「旅の左手,最果ての右手」楽曲分析(書記が音楽やるだけ#22)
メイドインアビスの2期制作が決まったことなので,早いうちに1期のおさらいをしておきたい。
楽曲情報
作詞作曲:橋本由香利
唄:リコ(富田美憂),レグ(伊瀬茉莉也),ナナチ(井澤詩織)
アニメ「メイドインアビス」のエンディングテーマ。オープニングとは対の,ほっこりした曲調でありながらも,登場人物の心理に寄せたような楽曲となっている。
全体構成
[E major]イントロ→
(1番)A→B→サビ→
(2番)A→B→サビ→
間奏→サビ→アウトロ
イントロ
早速難しそうなのが並んでいる。ここでは基本骨格とつなぎと分けて考えてみる。すると,基本は「16 145」というシンプルなものであるとみることができる。
前半はSDMを挟みながら下降していると考える。
後半にある#Ⅳdimは,ⅣとⅤのパッシングとして用いられるのが一般的である。ただ,ここでは2回使っており,特に1回目ではⅤにいくかと思いきやⅣに下がって,とすかしてくる。最後のⅤ/Ⅳはドミナント緩和と同時にベース音の流れを作る。
Aメロ
メロディのリズムについて,適当に共通部分を切り取ってみる。
AメロのコードはⅠとⅡmを中心に構成される。
後半では,半音下降を作るⅠm/♭Ⅲが印象に残りやすい。
ここで繋ぎとして多用される#Ⅳm7-5についてみておく。これはリディアンからのモーダルインターチェンジ,あるいは属調B majorからの借用と見なすことができる。元を辿るとⅡ7(9)でありドミナントを有するのがわかる。

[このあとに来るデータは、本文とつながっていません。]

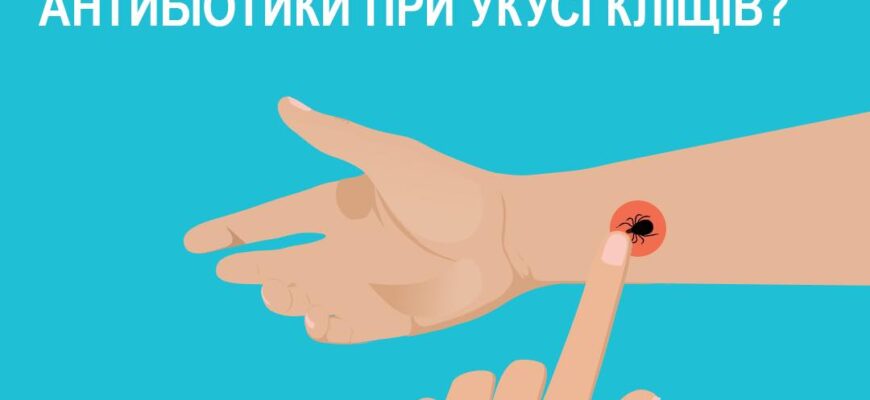 Чи варто приймати антибіотики після укусу кліща: рекомендації лікарів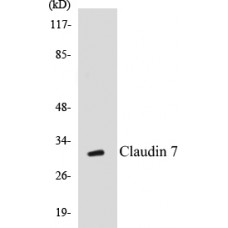 Claudin 7 Colorimetric Cell-Based ELISA Kit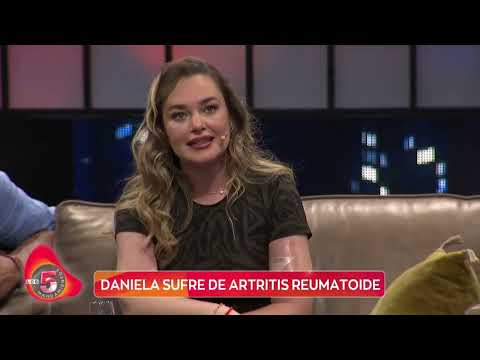 Daniela Nicolás se sinceró sobre la difícil enfermedad con la que vive. TBT, Canal 13.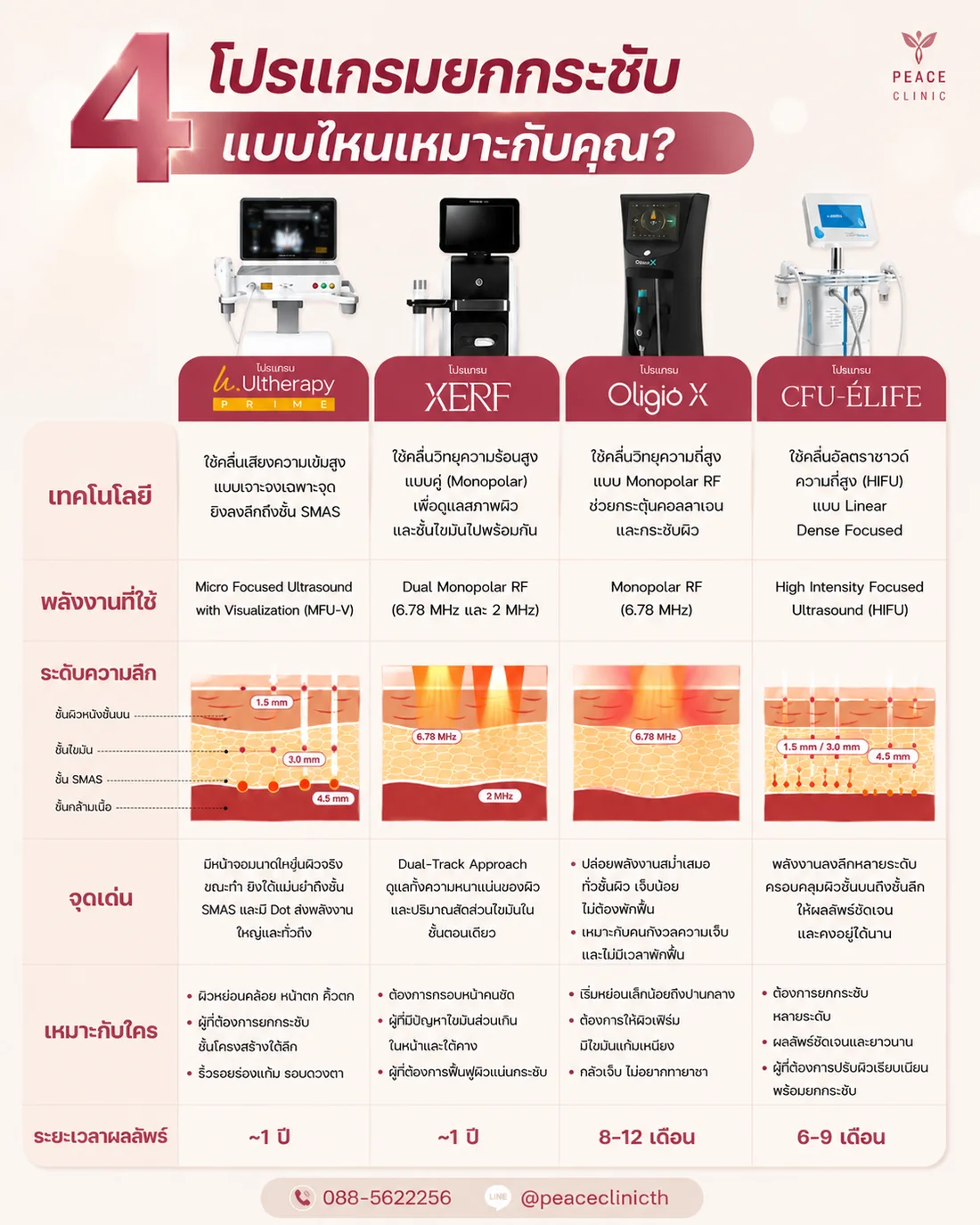 เทียบ 4 โปรแกรมยกกระชับที่ Peace Clinic แม่สอด Ultherapy PRIME ไมโครโฟกัสอัลตราซาวด์ลงชั้น SMAS · XERF คลื่นวิทยุสองความถี่ · Oligio X คลื่นวิทยุโมโนโพลาร์ · CFU-ELIFE อัลตราซาวด์โฟกัส เทียบเทคโนโลยี ความลึก จุดเด่น และระยะเวลาผลลัพธ์
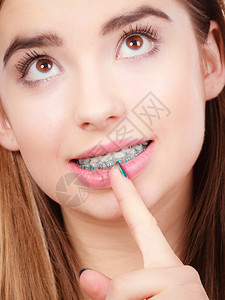 年轻女笑着用蓝色牙套显示齿女笑着用牙套显示齿图片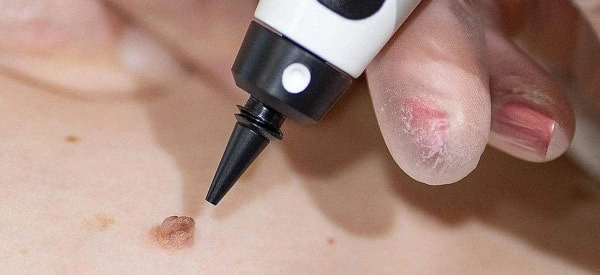 skin tag removal using cryopen Barrow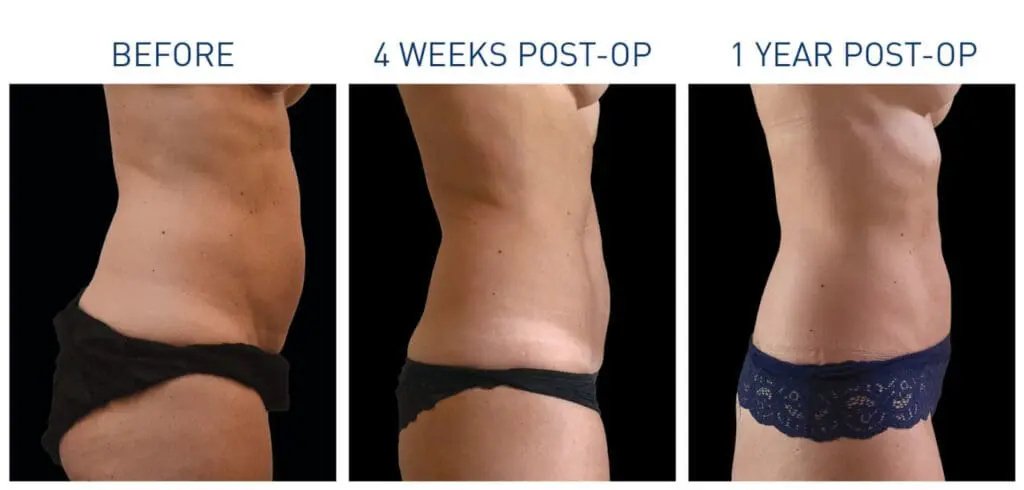 Renuvion Before and After 5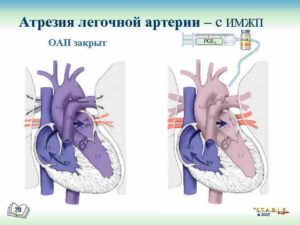 ВПС ДМЖП, ТМС, гипоплазия Легочной артерии
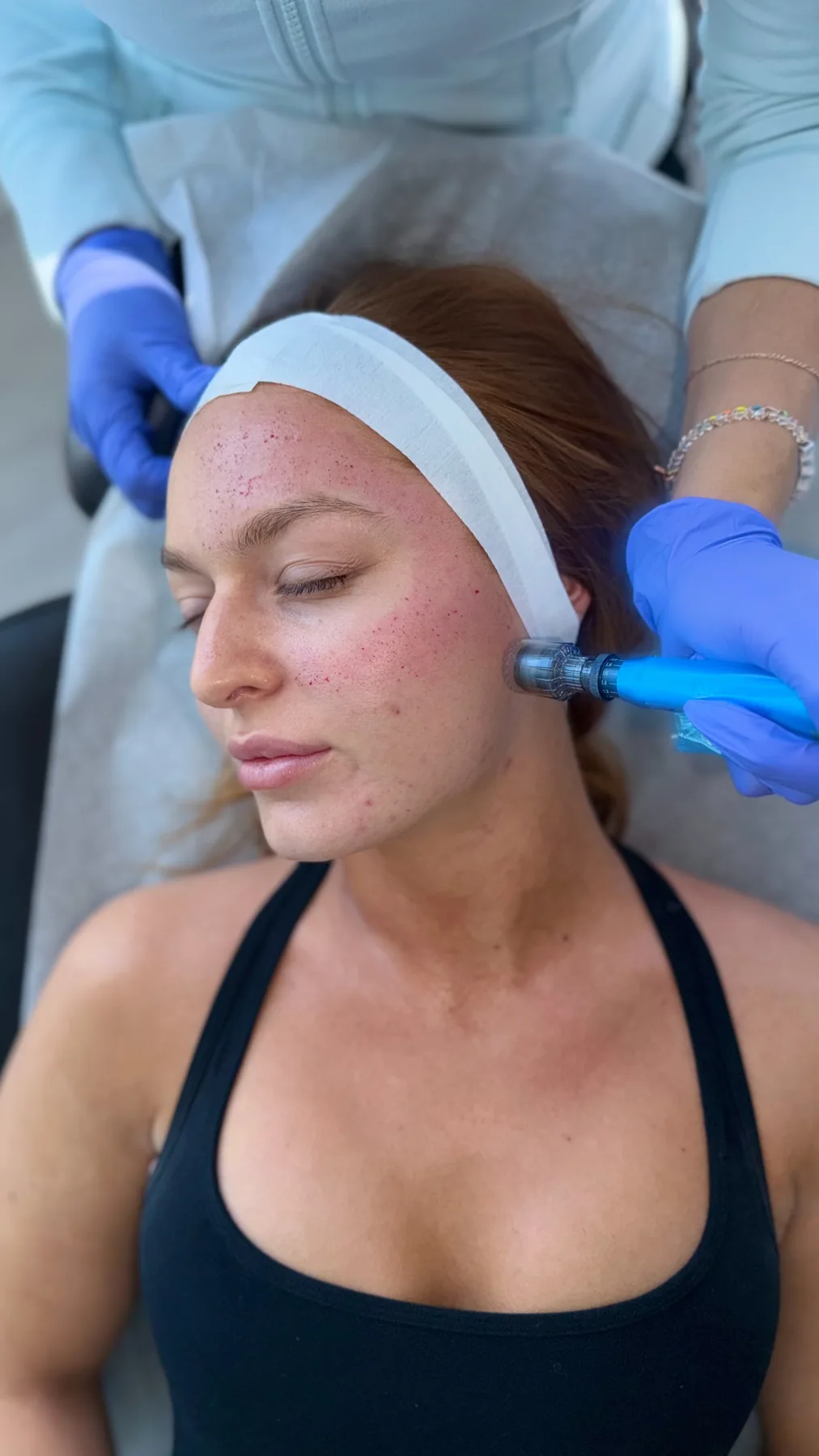 Professional microneedling procedure performed with gloved hands in a treatment room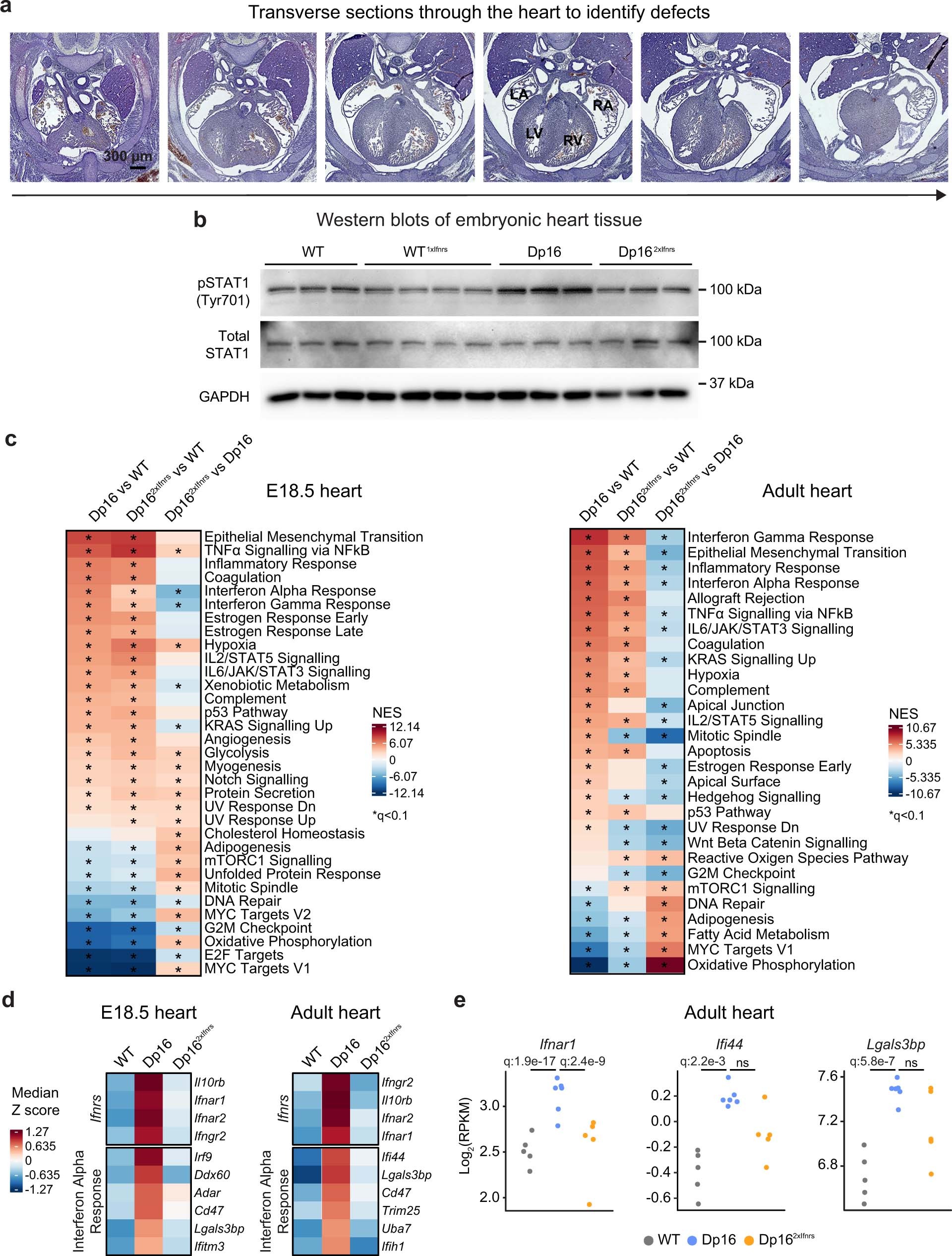 Extended Data Fig. 4: Correction of Ifnr locus copy number prevents embryonic heart malformations in a mouse model of Down syndrome.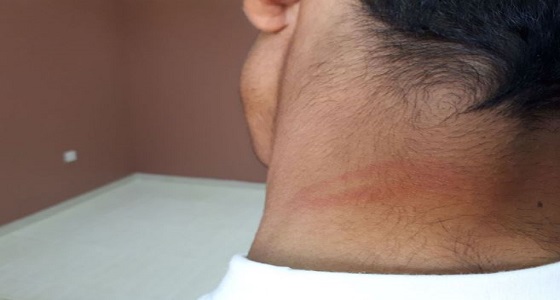 طالب يتعرض للاعتداء البدني بالضرب المبرح بخرطوم المياة 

この曲全般に言えることだが,ちょくちょくスケールが変化しているのがポイントである。
Bメロ
Bメロは大きく3つに分けられ,それぞれに特色があり,ストーリー性を形作る。
前半について,コードはⅥmとⅡが中心となり,聞こえ方としてはB major感が強くなる。
Aメロとは違い,メロディは16分を増やしてそれらをつなぎ合わせたものとなっていく。
後半は「125」に半音下降を加えた形。
ここは単純に,ダイアトニックコードの下降である,合いの手を挟んで繰り返し。
サビ前で,2小節かけた大胆な上昇コードを見せる(特に#Ⅳはかなり外れている)。
サビ
メロディは一気に伸びのあるものに変わる。
ちょうど今までのコードを混ぜたものが,サビとなって現れてくる。「ⅠとⅡm」と「ⅥmとⅡ」の繋ぎはセカンダリードミナントであるⅢに半音進行するようベース音を転回したものである。
半音下降をさらに伸ばす。
締めはSDMによる「671」である。
間奏
Cメロで再び盛り上がるために,ここではゆっくり下降する。
Cメロ
「なーなーなー」のところ。雰囲気としてはBメロに近い,2回繰り返し。
少しずつ上がっていく,SDMである♭Ⅶでさらに期待感をあげていく。
ここでも色々混ぜて上昇している,Ⅶに至ってはもはや調性からの外れが強く思い切った進行である。この上昇について,歌詞とも合っているのが良い。